First Word

January 25, 2019

We have a simple exercise today, inspired a co-worker. Where I work, we have a reporting tool that permits a “hook” to the underlying SQL in some places. My co-worker asked me how to write an SQL statement that extracts the first word (a maximal sequence of non-spaces) from the beginning of a string (assume there are no leading spaces). For instance, given the string “abcdefg hijklmnop qrs tuv wxyz” the first word is “abcdefg”. Here’s the SQL expression, wrapped in a select statement, with &&STR representing the string:

select substr('&&STR', 1, instr('&&STR', ' ') - 1) from dual

Your task is to write a program to extract the first word from a string. When you are finished, you are welcome to read or run a suggested solution, or to post your own solution or discuss the exercise in the comments below.

Pages: 1 2

Posted by programmingpraxis
Filed in Exercises
6 Comments »

6 Responses to “First Word”

  1. matthew said
    January 25, 2019 at 10:46 AM

    Extra points for implementing the Unicode default word breaking algorithm: https://unicode.org/reports/tr29/#Word_Boundaries

  2. V said
    January 25, 2019 at 12:14 PM

    Two solutions in golang.

    
package main

import (
	"fmt"
	"regexp"
)

func main() {
	s1 := "abcdefg hijklmnop qrs tuv wxyz"
	s2 := "~hola   caracola  de piazzolla"
	fmt.Println(firstWordWithLoop(s1))
	fmt.Println(firstWordWithRegexp(s1))
	fmt.Println()
	fmt.Println(firstWordWithLoop(s2))
	fmt.Println(firstWordWithRegexp(s2))
}

func firstWordWithLoop(str string) string {
	word := ""
	for _, char := range str {
		if char == ' ' {
			break
		}
		word += string(char)
	}
	return word
}

func firstWordWithRegexp(str string) string {
	return regexp.MustCompile(`[^ ]+`).FindString(str)
}
  3. Daniel said
    January 25, 2019 at 4:46 PM

    Here’s a solution in C.

    #include <stdio.h>
#include <stdlib.h>

int main(int argc, char* argv[]) {
  if (argc != 2) {
    fprintf(stderr, "Usage: %s STR\n", argv[0]);
    return EXIT_FAILURE;
  }
  char* str = argv[1];
  while (1) {
    char c = *(str++);
    if (c == ' ' || c == '\0') break;
    printf("%c", c);
  }
  printf("\n");
  return EXIT_SUCCESS;
}

    Example Usage:

    $ ./a.out "abcdefg hijklmnop qrs tuv wxyz"
abcdefg
  4. Steve said
    January 25, 2019 at 6:08 PM

    AWK version

    $ echo "abcdefg hijklmnop qrs tuv wxyz" | awk ‘{ print $1 }’
    abcdefg

    Klong version

    (-1)_((a?" ")@0)#a::"abcdefg hijklmnop qrs tuv wxyz"
    "abcdef"
    a
    "abcdefg hijklmnop qrs tuv wxyz"
    a?" "
    [7 17 21 25]

    MUMPS version

    YDB>w $p("abcdefg hijklmnop qrs tuv wxyz"," ")
    abcdefg

  5. matthew said
    January 25, 2019 at 11:41 PM

    That Unicode algorithm looks a bit complicated, here’s a simple Unicode-friendly solution using Python str.isspace():

    def firstword(s):
    start = -1
    for i,c in enumerate(s):
        if start < 0:
            if not c.isspace(): start = i;
        elif c.isspace():
            return s[start:i]
    return None if start < 0 else s[start:]
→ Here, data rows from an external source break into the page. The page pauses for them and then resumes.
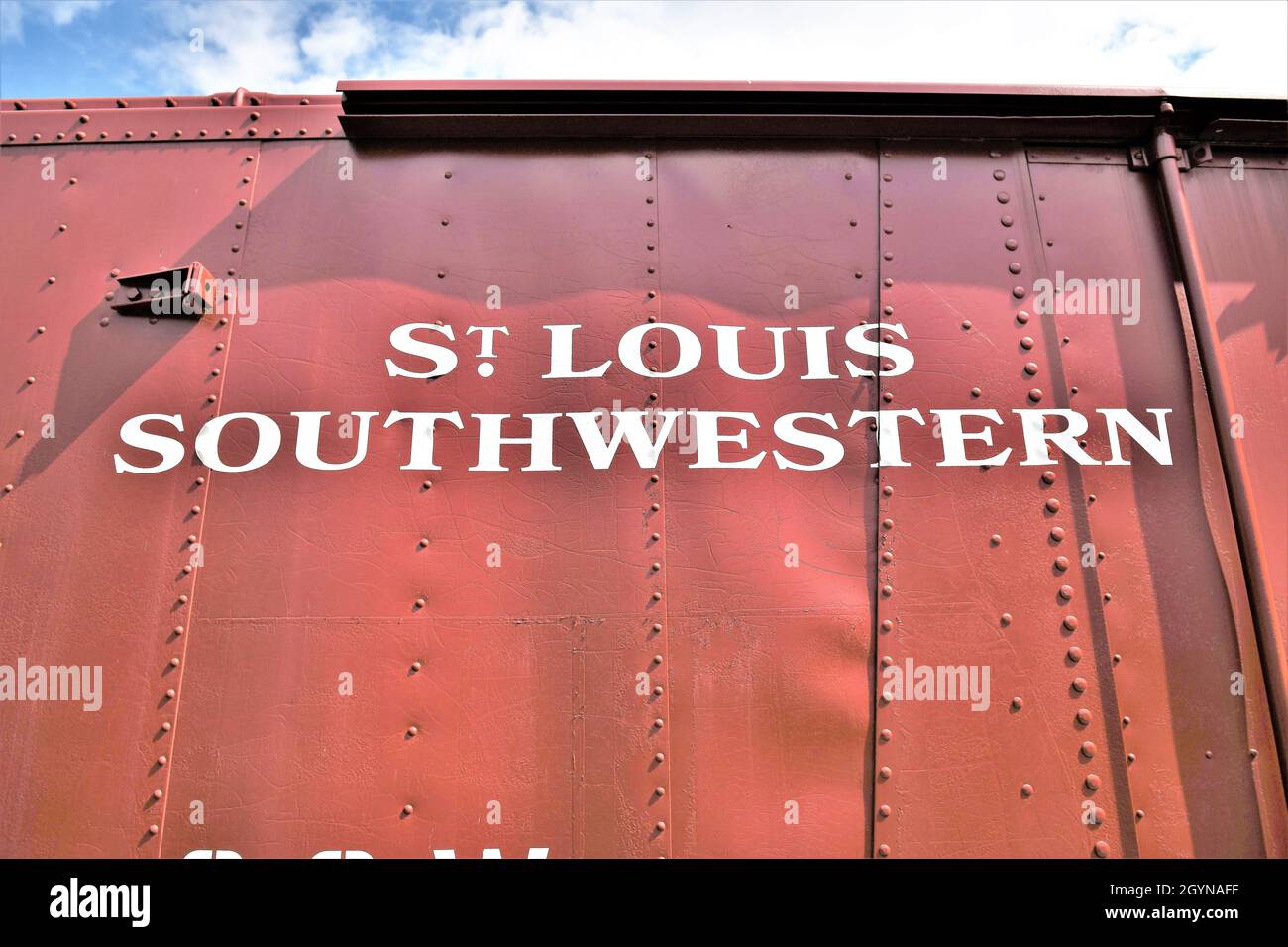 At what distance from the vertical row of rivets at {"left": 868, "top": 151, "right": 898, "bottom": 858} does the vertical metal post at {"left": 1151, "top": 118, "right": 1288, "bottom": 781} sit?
93cm

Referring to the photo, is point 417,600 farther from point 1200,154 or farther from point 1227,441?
point 1200,154

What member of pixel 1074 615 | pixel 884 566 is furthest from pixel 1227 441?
pixel 884 566

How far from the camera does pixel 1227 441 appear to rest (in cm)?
192

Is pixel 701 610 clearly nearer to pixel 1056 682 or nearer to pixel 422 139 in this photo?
pixel 1056 682

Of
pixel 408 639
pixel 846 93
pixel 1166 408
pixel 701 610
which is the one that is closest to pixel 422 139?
pixel 846 93

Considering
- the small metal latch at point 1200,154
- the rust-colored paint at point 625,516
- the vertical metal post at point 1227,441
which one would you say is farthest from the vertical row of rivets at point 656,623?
the small metal latch at point 1200,154

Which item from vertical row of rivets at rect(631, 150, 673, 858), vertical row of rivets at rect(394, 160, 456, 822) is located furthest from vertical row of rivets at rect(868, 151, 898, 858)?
vertical row of rivets at rect(394, 160, 456, 822)

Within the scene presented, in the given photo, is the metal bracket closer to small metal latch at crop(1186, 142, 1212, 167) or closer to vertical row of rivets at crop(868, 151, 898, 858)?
small metal latch at crop(1186, 142, 1212, 167)

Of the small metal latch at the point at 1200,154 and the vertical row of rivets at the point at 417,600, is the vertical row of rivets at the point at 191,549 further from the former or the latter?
the small metal latch at the point at 1200,154

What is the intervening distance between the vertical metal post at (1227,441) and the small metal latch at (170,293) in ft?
10.6

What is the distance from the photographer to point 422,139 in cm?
233

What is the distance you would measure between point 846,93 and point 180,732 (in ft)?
9.59

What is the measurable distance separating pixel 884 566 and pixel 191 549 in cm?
211

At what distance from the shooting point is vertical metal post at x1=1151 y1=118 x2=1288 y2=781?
1.78 meters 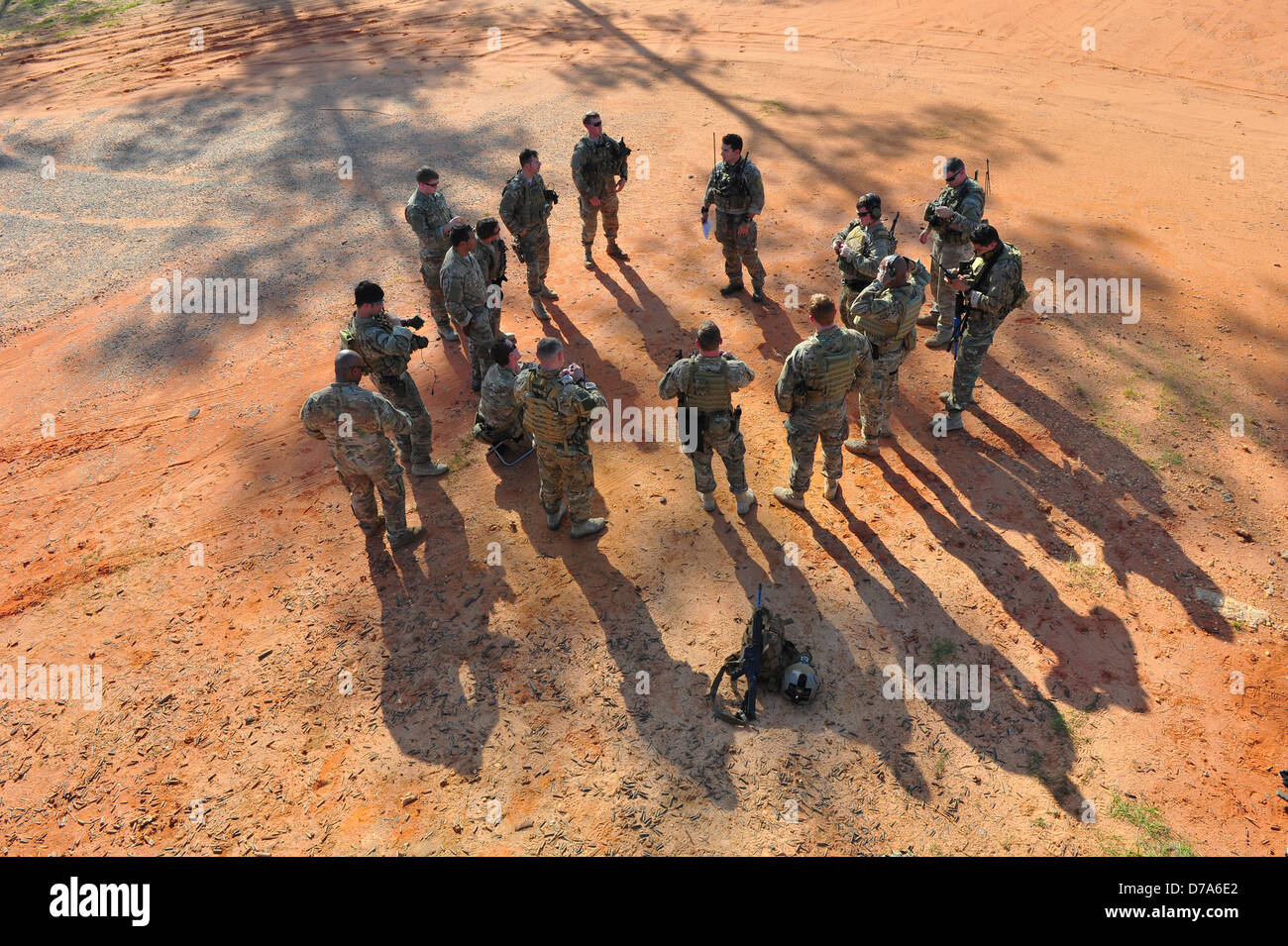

assert(firstword("") is None)
assert(firstword("  ") is None)
assert(firstword("foo") == "foo")
assert(firstword(" foo") == "foo")
assert(firstword("foo ") == "foo")
  6. Andrey Sidorenko said
    February 8, 2019 at 1:32 PM

    Python solution:

    firstWord = lambda x: x.lstrip(" ").split(" ")[0]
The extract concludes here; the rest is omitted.